Se trata, pues de un odiador serial que mezcla sus perversiones personales, sus manías empresariales mafiosas y conveniencias polarizadoras para sumar seguidores a quienes engaña con palabrerío de justiciero defensor de los intereses del “sistema”, siempre y cuando le deje ganancias. Un análisis semiótico del odio de clase que expresa Trump hacia los sectores populares debe explorar también las fuentes ideológicas que alimentan cierta semántica del poder y sus retóricas deleznables en el marco de un desprecio social realmente inaceptable. Aunque no se lo puede (o se lo quiere) condenar judicialmente, su palabrerío permite analizarlo desde una perspectiva ética para sancionarlo moralmente.
Desde una óptica semiótica crítica, es evidente que el odio que Trump segrega es incluso altamente tóxico para su propio clan mercenario porque busca afirmarse como baluarte de admiración burguesa y poder represivo capaz de eclipsar el ego de sus compinches y eso es ciertamente peligroso para ellos y para sus pueblos.
Hay que ver el espectáculo macabro entre los egos de mafias en Chicago entrados los albores del siglo XX. Porque es odio de clase que sale de una dictadura ideológica inventada para perpetuar las jerarquías económicas individualistas más aberrantes.
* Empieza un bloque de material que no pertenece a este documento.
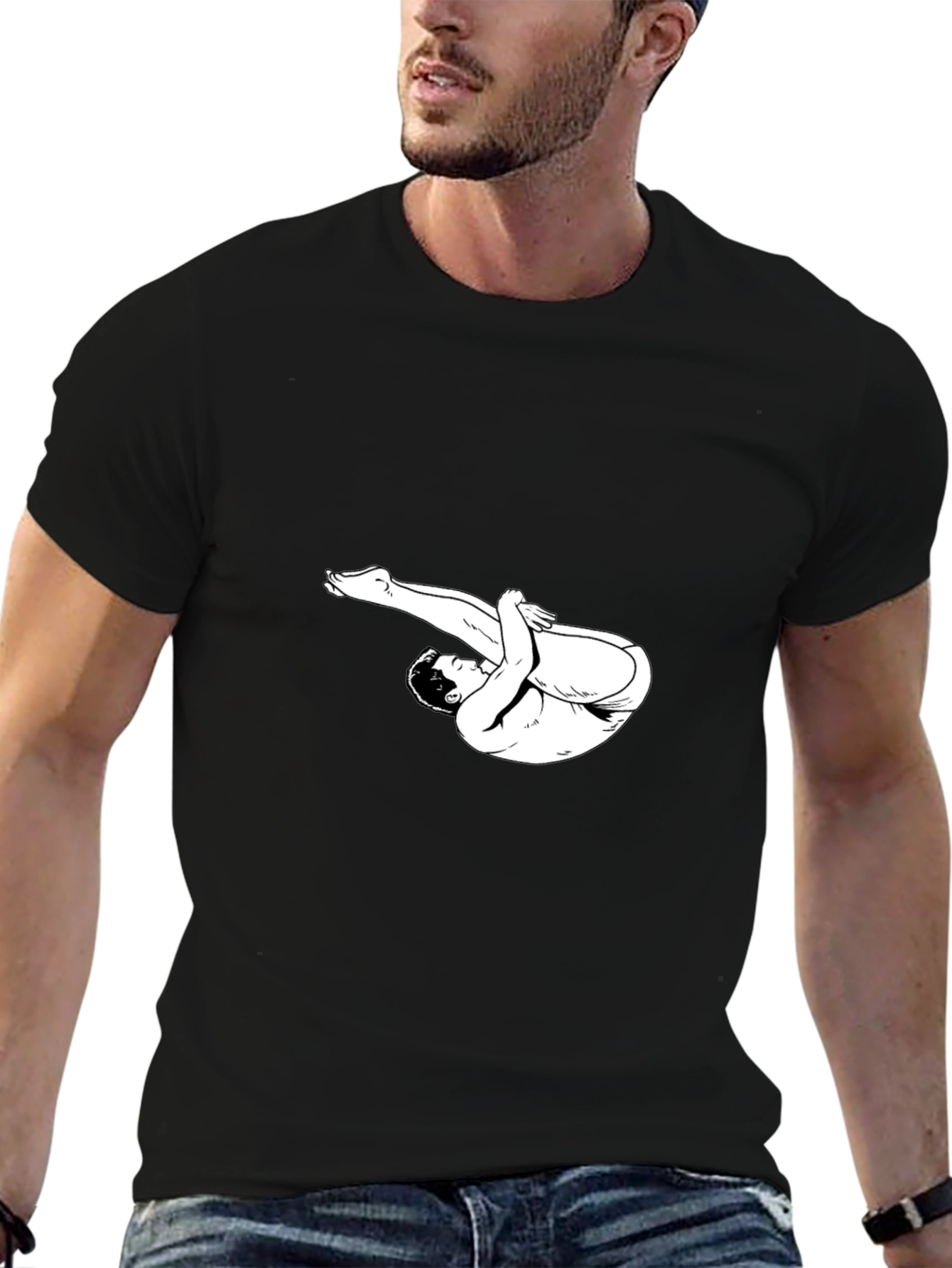 Diver Graphic Tee - Black Cotton T-Shirt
Es la moral del amo erigida como fanatismo de méritos personales para despreciar a quienes no encajan en el ideal capitalista, odio contra las clases trabajadoras, contra los inmigrantes y los sectores empobrecidos.
Fábrica de “sentido” para odiar al otro y reforzar una identidad de plutócratas con desprecio hacia los pueblos, especialmente si desarrollan pensamiento crítico y organización transformadora. Es odio de clase que Trump exuda, como si fuese un triunfo moral, para exacerbar un retroceso civilizatorio abrumador parido por la extrema derecha.
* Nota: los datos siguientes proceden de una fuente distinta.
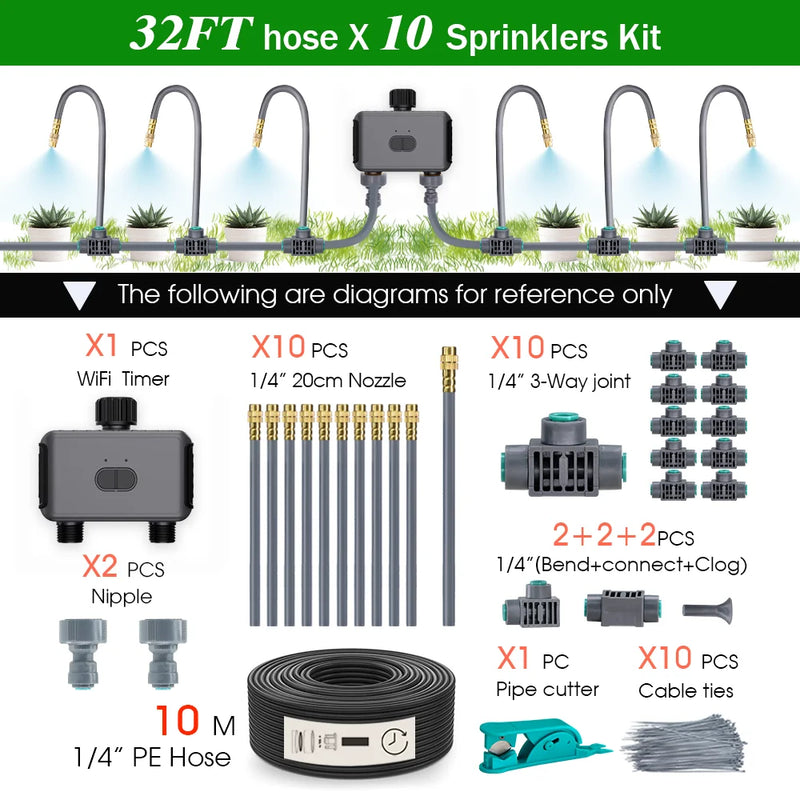 Dual Zone Independent Smart Bluetooth Wifi Irrigation Timer Mist Cooling Kit APP Customized Watering Program Quick Connection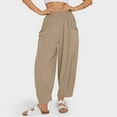 thumbnail image 4 of Women Linen Harem Pants Smocked Waist Casual Lounge Baggy Pant Beach Travel Vacation Trousers with Pockets, 4 of 8
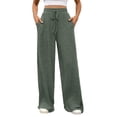 thumbnail image 2 of Ailaofu Womens Ribbed Wide Leg Lounge Pants with Pockets Casual Relaxed Comfy Loose Soft Knit Pajama Pants with Drawstring, 2 of 7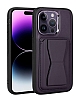 Eiroo Card-Luxe iPhone 14 Pro Max Kartlkl Koyu Mor Deri Klf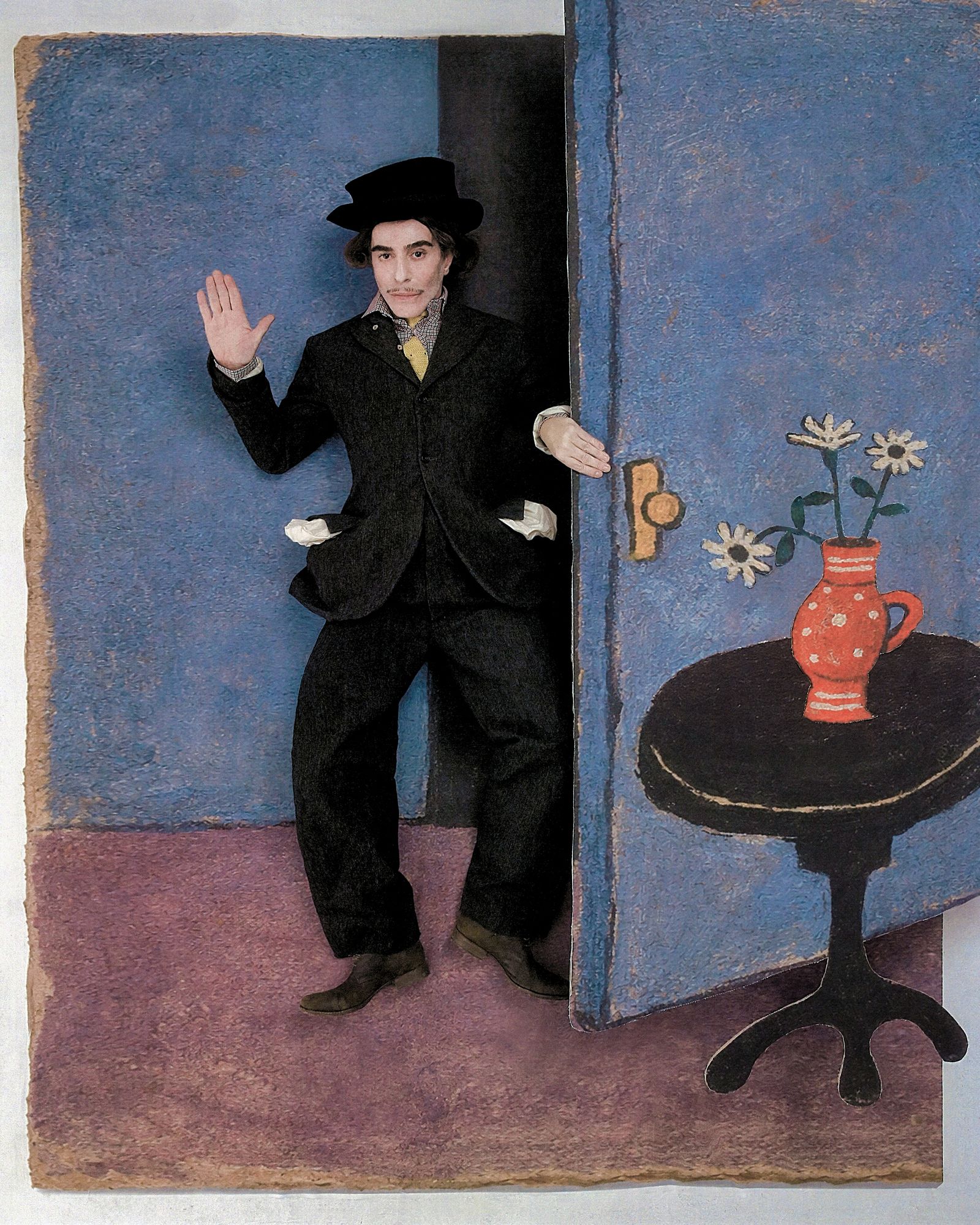 Image may contain John Galliano art painting formal attire adult face head photography portraits and clothing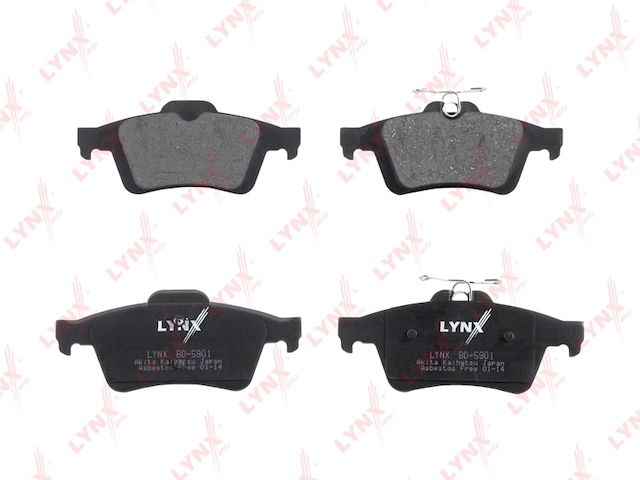 Купить запчасть LYNX - BD-5901 Колодки тормозные задние подходит для CITROEN C5 08, FORD Focus II 05/Focus C-Max 03, MAZDA 3/5 05, VOLVO C30/S40 04 BD-5901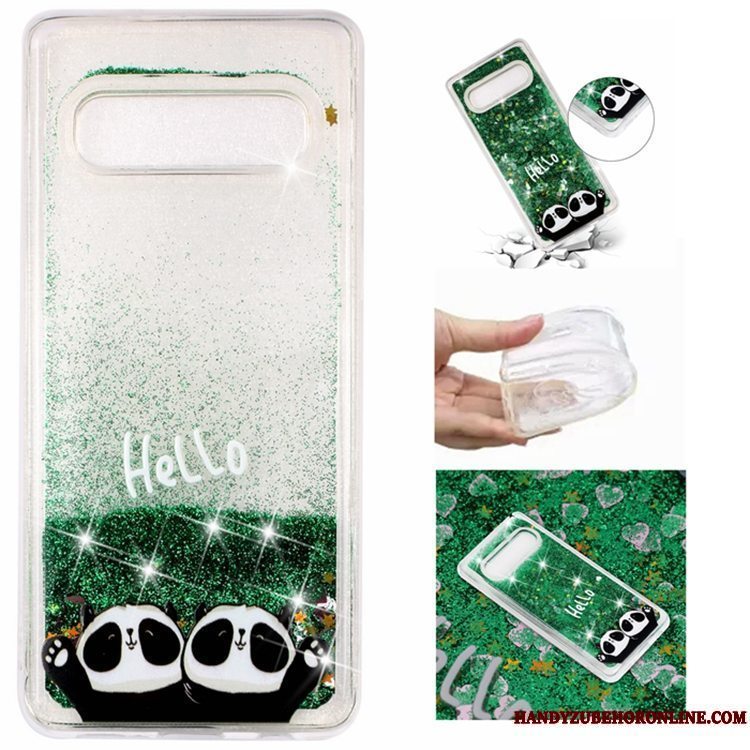 Etui Samsung Galaxy S10 Blød Telefonflydende, Cover Samsung Galaxy S10 Beskyttelse Quicksand Grøn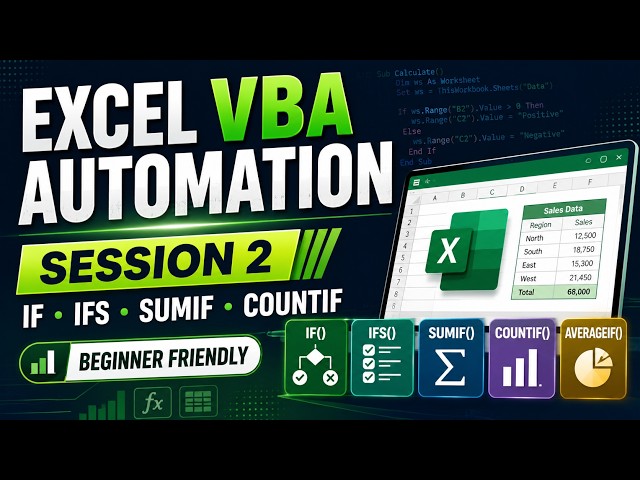 Session 2 | Master Excel Logical Functions & Conditional Calculations | Excel VBA Automation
Esa práctica de infestar con odio a las sociedades, bajo el disfraz de una “revolución cultural”, tiene consecuencias inimaginablemente peligrosas, en especial cuando ese odio responde a intereses de la industria militar, las mafias bancarias y las jaurías mediáticas, represores todos que se ocultan tras un discurso de “libertad” o “democracia”. Ese odio burgués disfrazado de “revolución cultural” no es otra cosa que la explotación económica que maquilla las contradicciones del capitalismo.
Es odio destilado desde las élites que impregnan a los pueblos “valores” de casta criminal como ejemplo edificante del individualismo extremo, del culto al consumismo y la competencia feroz. Odio institucionalizado para justificar medidas autoritarias, para la deshumanización y la pérdida de solidaridad. Para desorganizarnos y desmoralizarnos, para destruir los lazos de solidaridad.
Hay que desentrañar, semióticamente el modo en que Trump inyecta odio como herramienta para dividir, alienar y desviar las luchas populares, y cómo, en contraposición, se puede construir una praxis revolucionaria basada en la solidaridad, la conciencia de clase y la emancipación colectiva.
Ese odio de Trump no es un fenómeno espontáneo ni aislado, es expresión de la lucha de clases. Odio disfrazado de “revolución cultural” para mantener el control social, en una guerra contra toda transformación que surge de la organización revolucionaria de las bases. Guerra ideológica para combatir los programas políticos populares contra la burguesía.
Para nosotros es crucial una semiótica crítica del odio burgués, pero que sea capaz de recuperar el espíritu emancipador de las revoluciones basadas en la lucha real de los pueblos por la justicia social, la solidaridad y la superación de las contradicciones del sistema capitalista. Porque neutralizar y combatir el odio de Trump no puede provenir de la imitación, sino desde una praxis que dignifique la vida y combata las raíces estructurales eco nómicas e ideológicas de la desigualdad. No podemos quedarnos cruzados de brazos. Está muy claro.